What is being asked: A word-for-word copy of the records below is required.

Listed records:

· · · ·

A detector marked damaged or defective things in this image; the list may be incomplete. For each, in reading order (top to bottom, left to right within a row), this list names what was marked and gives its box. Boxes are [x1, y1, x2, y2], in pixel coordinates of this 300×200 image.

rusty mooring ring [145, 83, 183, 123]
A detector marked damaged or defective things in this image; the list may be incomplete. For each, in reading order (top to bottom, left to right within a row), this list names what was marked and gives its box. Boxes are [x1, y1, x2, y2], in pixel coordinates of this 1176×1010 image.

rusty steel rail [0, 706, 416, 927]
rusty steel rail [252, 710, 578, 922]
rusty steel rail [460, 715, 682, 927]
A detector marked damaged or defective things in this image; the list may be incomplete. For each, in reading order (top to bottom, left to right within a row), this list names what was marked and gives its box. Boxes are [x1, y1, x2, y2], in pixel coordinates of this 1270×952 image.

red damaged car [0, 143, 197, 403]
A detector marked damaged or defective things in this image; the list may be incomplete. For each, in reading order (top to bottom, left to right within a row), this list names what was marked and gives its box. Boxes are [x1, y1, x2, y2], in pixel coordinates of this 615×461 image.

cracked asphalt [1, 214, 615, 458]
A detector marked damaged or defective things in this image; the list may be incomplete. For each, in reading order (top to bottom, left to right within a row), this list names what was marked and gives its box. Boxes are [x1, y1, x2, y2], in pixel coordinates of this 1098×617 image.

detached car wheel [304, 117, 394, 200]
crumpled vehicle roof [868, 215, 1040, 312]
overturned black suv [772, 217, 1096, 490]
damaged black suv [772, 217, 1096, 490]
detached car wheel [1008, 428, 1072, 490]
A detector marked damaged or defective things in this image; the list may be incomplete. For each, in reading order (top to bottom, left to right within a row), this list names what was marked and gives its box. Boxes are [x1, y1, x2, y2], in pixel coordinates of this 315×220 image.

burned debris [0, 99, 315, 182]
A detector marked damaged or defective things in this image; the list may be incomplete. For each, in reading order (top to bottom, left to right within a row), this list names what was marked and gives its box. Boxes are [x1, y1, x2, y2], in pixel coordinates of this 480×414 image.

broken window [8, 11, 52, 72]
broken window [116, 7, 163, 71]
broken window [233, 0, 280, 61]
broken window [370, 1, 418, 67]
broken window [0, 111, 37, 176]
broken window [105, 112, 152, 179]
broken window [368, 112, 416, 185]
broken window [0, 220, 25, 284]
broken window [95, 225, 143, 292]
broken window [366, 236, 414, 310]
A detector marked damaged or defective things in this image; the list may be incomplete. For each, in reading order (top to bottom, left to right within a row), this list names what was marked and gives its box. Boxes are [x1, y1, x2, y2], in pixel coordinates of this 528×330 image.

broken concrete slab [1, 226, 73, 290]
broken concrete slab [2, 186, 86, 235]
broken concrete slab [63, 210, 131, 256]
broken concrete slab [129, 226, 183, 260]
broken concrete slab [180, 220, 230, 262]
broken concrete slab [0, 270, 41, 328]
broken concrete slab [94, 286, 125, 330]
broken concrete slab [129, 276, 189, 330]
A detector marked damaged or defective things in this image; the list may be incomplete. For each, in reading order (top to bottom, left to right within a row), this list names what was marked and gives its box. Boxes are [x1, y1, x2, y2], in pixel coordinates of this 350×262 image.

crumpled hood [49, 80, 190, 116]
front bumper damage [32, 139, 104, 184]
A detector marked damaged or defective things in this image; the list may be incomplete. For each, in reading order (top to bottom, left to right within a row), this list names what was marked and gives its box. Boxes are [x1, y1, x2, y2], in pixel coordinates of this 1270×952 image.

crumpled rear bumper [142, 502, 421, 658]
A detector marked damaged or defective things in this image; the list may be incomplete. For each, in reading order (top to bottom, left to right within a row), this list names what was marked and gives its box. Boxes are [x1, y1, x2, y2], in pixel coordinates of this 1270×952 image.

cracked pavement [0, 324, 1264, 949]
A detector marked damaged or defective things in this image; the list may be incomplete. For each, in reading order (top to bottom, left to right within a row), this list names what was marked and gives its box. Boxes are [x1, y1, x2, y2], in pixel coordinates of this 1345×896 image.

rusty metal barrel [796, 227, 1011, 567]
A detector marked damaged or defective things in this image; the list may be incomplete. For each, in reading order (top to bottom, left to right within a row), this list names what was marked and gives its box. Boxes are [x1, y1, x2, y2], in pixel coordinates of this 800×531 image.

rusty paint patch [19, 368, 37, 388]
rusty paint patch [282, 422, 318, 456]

· · · ·

Solution for this exercise:
A detector marked damaged or defective things in this image; the list may be incomplete. For each, in reading order (top to bottom, left to right within a row), this list names what was marked and gives its box. Boxes are [x1, y1, x2, y2], in pixel coordinates of this 300×200 image.

rusty mooring ring [145, 83, 183, 123]
A detector marked damaged or defective things in this image; the list may be incomplete. For each, in reading order (top to bottom, left to right within a row), this list names what was marked and gives its box. Boxes are [x1, y1, x2, y2], in pixel coordinates of this 1176×1010 image.

rusty steel rail [0, 706, 416, 927]
rusty steel rail [252, 710, 578, 922]
rusty steel rail [460, 715, 682, 927]
A detector marked damaged or defective things in this image; the list may be incomplete. For each, in reading order (top to bottom, left to right within a row), this list names what was marked and gives its box. Boxes are [x1, y1, x2, y2], in pixel coordinates of this 1270×952 image.

red damaged car [0, 143, 197, 403]
A detector marked damaged or defective things in this image; the list may be incomplete. For each, in reading order (top to bottom, left to right within a row), this list names what was marked and gives its box. Boxes are [x1, y1, x2, y2], in pixel coordinates of this 615×461 image.

cracked asphalt [1, 214, 615, 458]
A detector marked damaged or defective things in this image; the list may be incomplete. For each, in reading order (top to bottom, left to right within a row), this list names what was marked and gives its box. Boxes are [x1, y1, x2, y2], in pixel coordinates of this 1098×617 image.

detached car wheel [304, 117, 394, 200]
crumpled vehicle roof [868, 215, 1040, 312]
overturned black suv [772, 217, 1096, 490]
damaged black suv [772, 217, 1096, 490]
detached car wheel [1008, 428, 1072, 490]
A detector marked damaged or defective things in this image; the list may be incomplete. For each, in reading order (top to bottom, left to right within a row), this list names what was marked and gives its box. Boxes are [x1, y1, x2, y2], in pixel coordinates of this 315×220 image.

burned debris [0, 99, 315, 182]
A detector marked damaged or defective things in this image; the list may be incomplete. For each, in reading order (top to bottom, left to right within a row), this list names what was marked and gives its box. Boxes are [x1, y1, x2, y2], in pixel coordinates of this 480×414 image.

broken window [8, 11, 52, 72]
broken window [116, 7, 163, 71]
broken window [233, 0, 280, 61]
broken window [370, 1, 418, 67]
broken window [0, 111, 37, 176]
broken window [105, 112, 152, 179]
broken window [368, 112, 416, 185]
broken window [0, 220, 25, 284]
broken window [95, 225, 143, 292]
broken window [366, 236, 414, 310]
A detector marked damaged or defective things in this image; the list may be incomplete. For each, in reading order (top to bottom, left to right within a row), this list names what was marked and gives its box. Boxes are [x1, y1, x2, y2], in pixel coordinates of this 528×330 image.

broken concrete slab [1, 226, 73, 290]
broken concrete slab [2, 186, 86, 235]
broken concrete slab [63, 210, 131, 256]
broken concrete slab [129, 226, 183, 260]
broken concrete slab [180, 220, 230, 262]
broken concrete slab [0, 270, 41, 328]
broken concrete slab [94, 286, 125, 330]
broken concrete slab [129, 276, 189, 330]
A detector marked damaged or defective things in this image; the list may be incomplete. For each, in reading order (top to bottom, left to right within a row), this list names what was marked and gives its box. Boxes are [x1, y1, x2, y2], in pixel coordinates of this 350×262 image.

crumpled hood [49, 80, 190, 116]
front bumper damage [32, 139, 104, 184]
A detector marked damaged or defective things in this image; the list may be incomplete. For each, in reading order (top to bottom, left to right within a row), this list names what was marked and gives its box. Boxes are [x1, y1, x2, y2], in pixel coordinates of this 1270×952 image.

crumpled rear bumper [142, 502, 421, 658]
A detector marked damaged or defective things in this image; the list may be incomplete. For each, in reading order (top to bottom, left to right within a row), this list names what was marked and gives its box. Boxes are [x1, y1, x2, y2], in pixel coordinates of this 1270×952 image.

cracked pavement [0, 324, 1264, 949]
A detector marked damaged or defective things in this image; the list may be incomplete. For each, in reading order (top to bottom, left to right within a row), this list names what was marked and gives its box. Boxes are [x1, y1, x2, y2], in pixel coordinates of this 1345×896 image.

rusty metal barrel [796, 227, 1011, 567]
A detector marked damaged or defective things in this image; the list may be incomplete. For each, in reading order (top to bottom, left to right within a row), this list names what was marked and gives its box. Boxes are [x1, y1, x2, y2], in pixel coordinates of this 800×531 image.

rusty paint patch [19, 368, 37, 388]
rusty paint patch [282, 422, 318, 456]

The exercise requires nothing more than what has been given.